Posted by Robert Sebastian on 7th March 2019
One of my best memories I have of Ben is when he had like 5 old computers, 1 mouse and keyboard, 1 monitor, and enough memory to install windows 98 on 2. He got all 5 running and had seti@home running on all of them. He instilled in me that if you try hard enough anything is possible and to always be humble.

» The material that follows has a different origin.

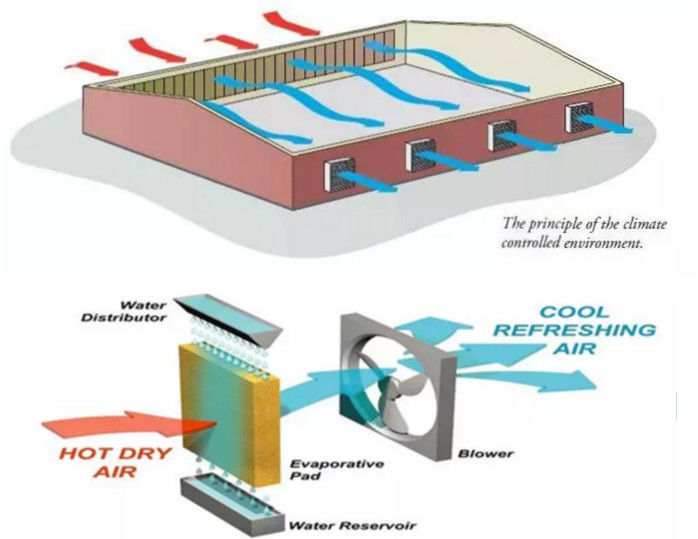 Diy Greenhouse Cooling System / Greenhouse Cooling Pad System ISO9001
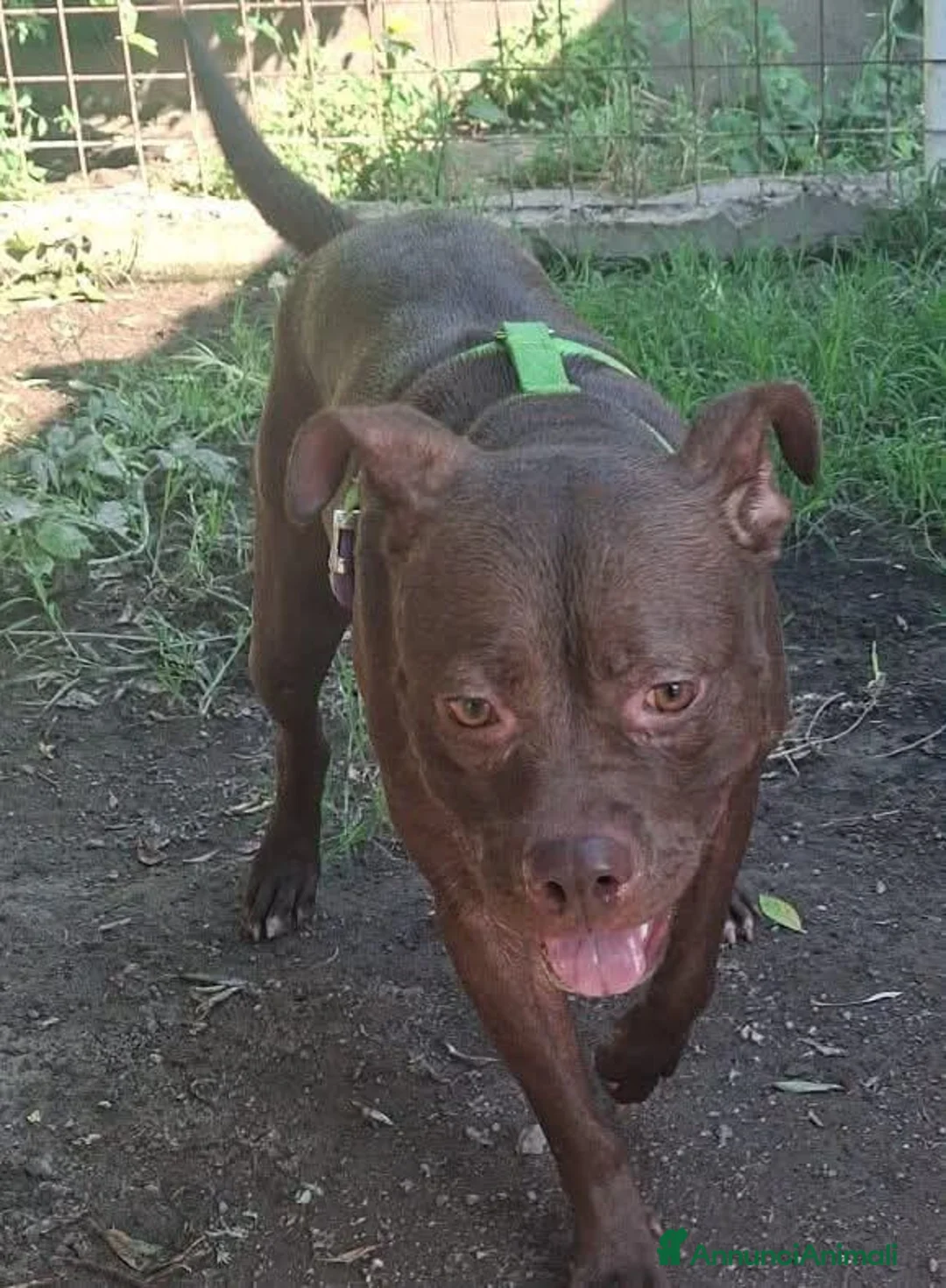 Meticcio cani in regalo: Cloe 3 anni - Annuncio 1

Posted by David Cole on 7th March 2019
I've known Ben most of my life...a member of an extended family. I've always considered him, a brother and know he felt the same. Being 14 years his senior he turned to me quite a bit to share his thoughts. In the beginning of our brotherhood, I was quick to offer unsolicited advice...but over the years, I learned that what he needed the most was a non-judemental listener, a simple sounding board. This was my gift to him. Yes, he was outspoken and grouch at times...but I believe it was from the frustration at the world and wanting to see it change for the better...but feeling like his voice was not heard in the storm. He inspired me. He was a self-taught in in the information systems technology domain. Fueled by necessity to be something better outside of the 9-5, and his insatiable thirst for knowledge, drove him to entrepreneur a business starting with nothing but cast off and left over computer equipment. The Summer of 2014, he sent me pictures of his transformation...this same drive fueled him to change his lifestyle...I was TDY at that time and housed right across from a gym...if could do it, so could I...and I did. He was the first one I shared my progress with. He kept encouraging me...he wanted everyone he loved to be healthy and happy. I like to believe he had a hand in saving my life. I miss you brother. Save me chair at your table in Valhalla...we'll have a lot catch up on...till then, I raise my horn to you in Midgard.
Posted by Tammi Cole on 7th March 2019
Ben was a groomsman at our wedding in 2002. He looked very sharp in a tuxedo. Our flower girls were dressed as fairies, complete with sparkly wings. They held baskets of rose petals and tossed them in the aisle as we entered and exited. Being little girls, they would also stop and pick the petals back up so that they could throw them again. I have a photo of these two sparkly fairy little girls, blocking the aisle to pick up rose petals and Ben standing behind them with a disgruntled look on his face and his arms crossed. I show this photo to everyone because the look on his face was priceless and the contrast just made me smile. Ben was an amazing friend to my husband. He could be grouchy, but I think it was because he understood the world better than most people and there wasn't much he could do, by himself, to change it. The thing we will always remember is that he was there for us whenever we asked him for help. He had a heart of gold and he will be sorely missed.